Io sarò la nube e tu la luna. Ti coprirò con
entrambe le mani, e il nostro tetto sarà il cielo.

Rabindranath Tagore

Vicino, intimo, inseparabile. Già dal titolo il secondo lungometraggio del regista belga Lukas Dhont inquadra un’amicizia preadolescenziale che non si limita ai momenti di gioco. In Close – presentato in anteprima al 75° Festival di Cannes dove il film ha ricevuto il Grand Prix – Léo e Rémi sono due bambini tredicenni legati da un rapporto intimo e forse all’ingresso in una realtà identitaria non ancora del tutto compresa. La regia si concentra sui loro gesti, contatti, sguardi, sospiri per immergere chi guarda nella quotidianità dei loro stati d’animo.

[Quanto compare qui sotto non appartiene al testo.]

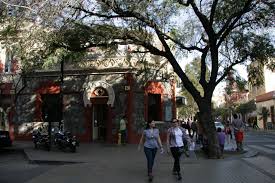Lastarria, uno de los barrios más turísticos del centro de santiago, sorprende con sus circuitos culturales, restaurantes, bares y tiendas. File Barrio Lastarria 3 Jpg Wikipedia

Entrambi i bambini passano ore a casa delle rispettive famiglie e intanto fantasticano sul loro futuro, rigorosamente assieme – come quando Léo, osservando Rémi suonare l’oboe, gli promette che quando cresceranno diventerà il suo manager. L’inizio del film, tuttavia, sembra anticipare la cesura che avverrà nelle loro vite: i due giocano a nascondino in una tana boschiva, mentre uno dei ragazzi intima all’altro di rimanere in silenzio e nascosto, poiché rischia di farsi sentire. Sarà proprio nelle prime conversazioni con i compagni di classe che i protagonisti, in particolare Léo, si troveranno a mettere in discussione la loro vicinanza, fino ad ora vissuta con estrema spensieratezza.

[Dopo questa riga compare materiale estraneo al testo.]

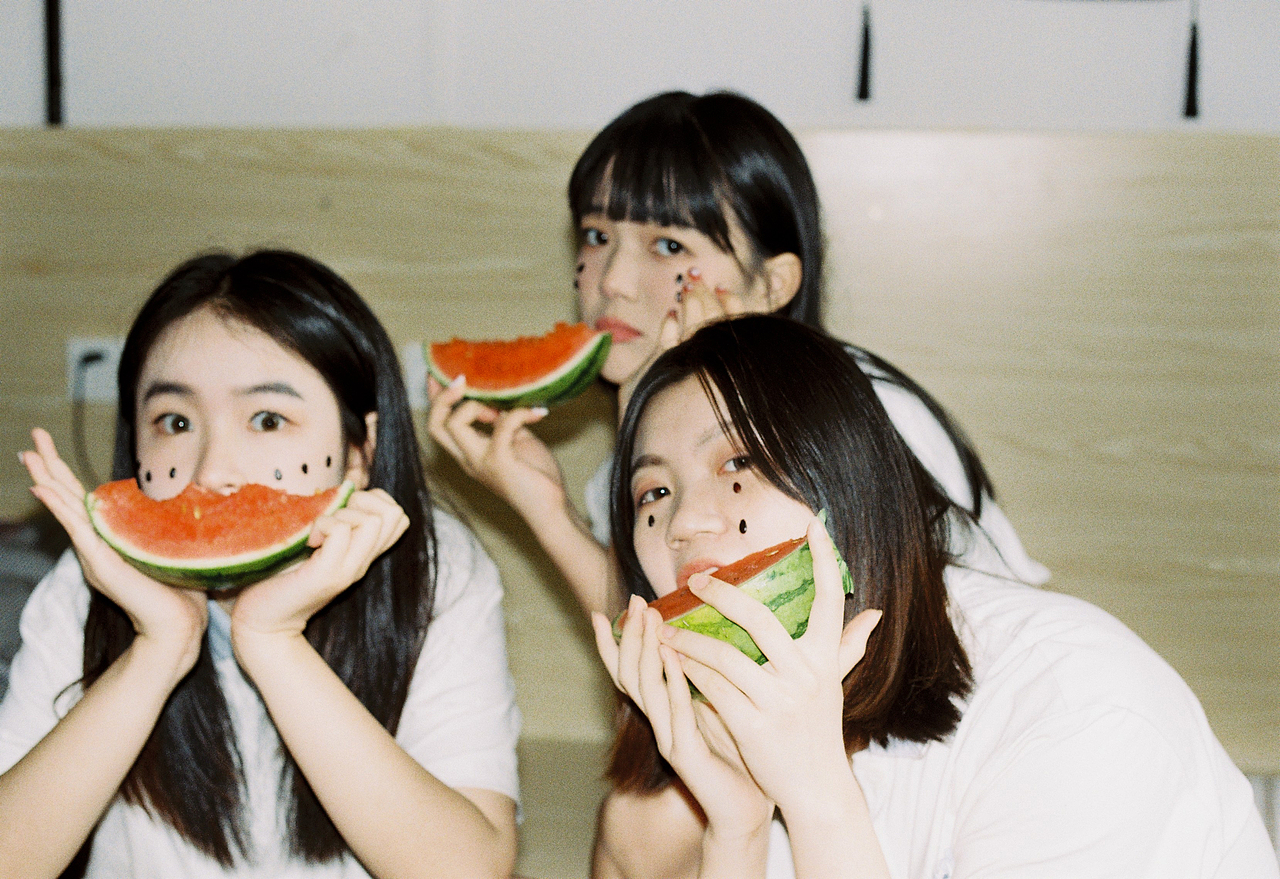 我们只会为西瓜哭泣（图ZMjY5NzM2MDI0） - 人像摄影 - 站酷设计师春奈理子原创素材 - 站酷ZCOOL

Sulla scia del primo lungometraggio Girl, Dhont riporta così in scena il multiforme universo dell’identità sessuale, ponendo questa volta una lente di ingrandimento su un’amicizia che rimane solo per un momento nella leggerezza e nell’innocenza e presto si scopre calata, nella sua possibile evoluzione sotto lo sguardo altrui, in un microcosmo di soli stereotipi. Il modo in cui Léo e Rémi si relazionano tra loro, con gesti come il chinare la testa sulla spalla dell’altro, vengono visti, in primis dal mondo femminile, come manifestazioni di comportamenti che “oltrepassano” i termini di un rapporto codificato.

La visione dei coetanei porta Léo ad allontanarsi gradualmente da Rémi, prima fuggendo alcune azioni comuni e abitudini consolidate, poi arrivando a rifiutare che egli lo osservi mentre gioca ad hockey. A modo suo si allontana anche l’amico, il quale non riesce a comprendere l’improvviso comportamento, e l’ingiusta distanza che si sta creando fra i due. Fino a quando un evento del tutto inatteso getta violentemente Léo in un coming of age in cui il tempo scandito dalle corse nei campi di fiori arcobaleno lascia posto al trauma della disillusione: ogni azione quotidiana sembra non avere più senso, e ogni pensiero è destinato al ricordo di un’amicizia divenuta assenza.

Rabindranath Tagore scriveva che il senso dell’amicizia si consuma durante la notte, quando il resto del mondo dorme e nemmeno gli uccelli cantano. L’amicizia non è qualcosa che si può insegnare, addomesticare: quando si fa il proprio ingresso nel mondo, ci si trova costretti a declinare questo sentimento dentro schemi e percezioni tesi a codificare le vite e i ruoli degli altri. Proprio queste circostanze sembrano al centro del lavoro di Dhont, in cui le manifestazioni d’affetto e tenerezza tra due quasi adolescenti arrivano ad essere stigmatizzate. Forse, riprendendo Tagore, la sparizione di Rémi fra le stelle spente del buio allude ad un luogo in cui i sentimenti più puri si trovano sospesi in aria come aquiloni senza tragitto. A volte è necessario chiudere gli occhi verso il cielo per essere più vicini alla terra.